Boris Johnson earlier today defended Abbott as “a guy who was elected by the people of the great liberal democratic nation of Australia”.
Asked about Abbott’s controversial views, Johnson said: “Obviously don’t agree with those sentiments at all.”
But he added: “I don’t agree with everyone who serves the government in an unpaid capacity on hundreds of boards across the country.”
While serving on the frontline of Australian politics, Abbott opposed same-sex marriage as “political correctness” and said he was “a bit threatened” by gay people.
In 2011 Abbott, the then opposition leader, appeared on stage in front of a sign that called prime minister Julia Gillard a “bitch”.
And in a 2017 speech, also in London, Abbott said climate change was “probably doing good” and policies designed to tackle it were like “primitive people once killing goats to appease the volcano gods”.

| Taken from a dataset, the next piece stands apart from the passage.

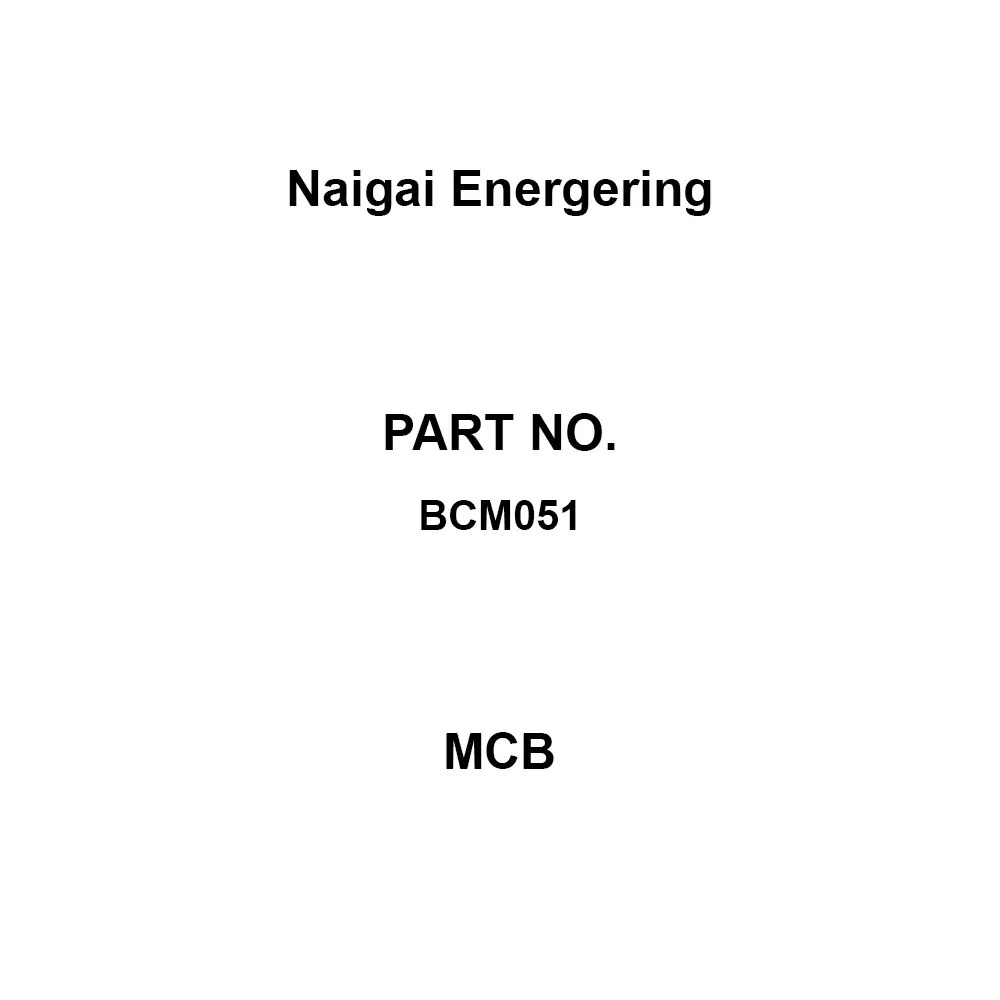 Naigai Energering MCB 50 Amp Rated Current, BCM051 (Pack of 20)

Trade secretary Liz Truss will head up the Board of Trade as president, while Tory Brexiteer MP Marcus Fysh will take up the role of deputy.
Truss said: “The new Board of Trade will play an important role in helping Britain make the case for free and fair trade across the UK and around the world.
“At a time of increased protectionism and global insecurity, it’s vital that the UK is a strong voice for open markets and that we play a meaningful role in reshaping global trading rules alongside like-minded countries.
“The new Board will help us do that, bringing together a diverse group of people who share Britain’s belief in free enterprise, democracy, and high standards and rules-based trade.”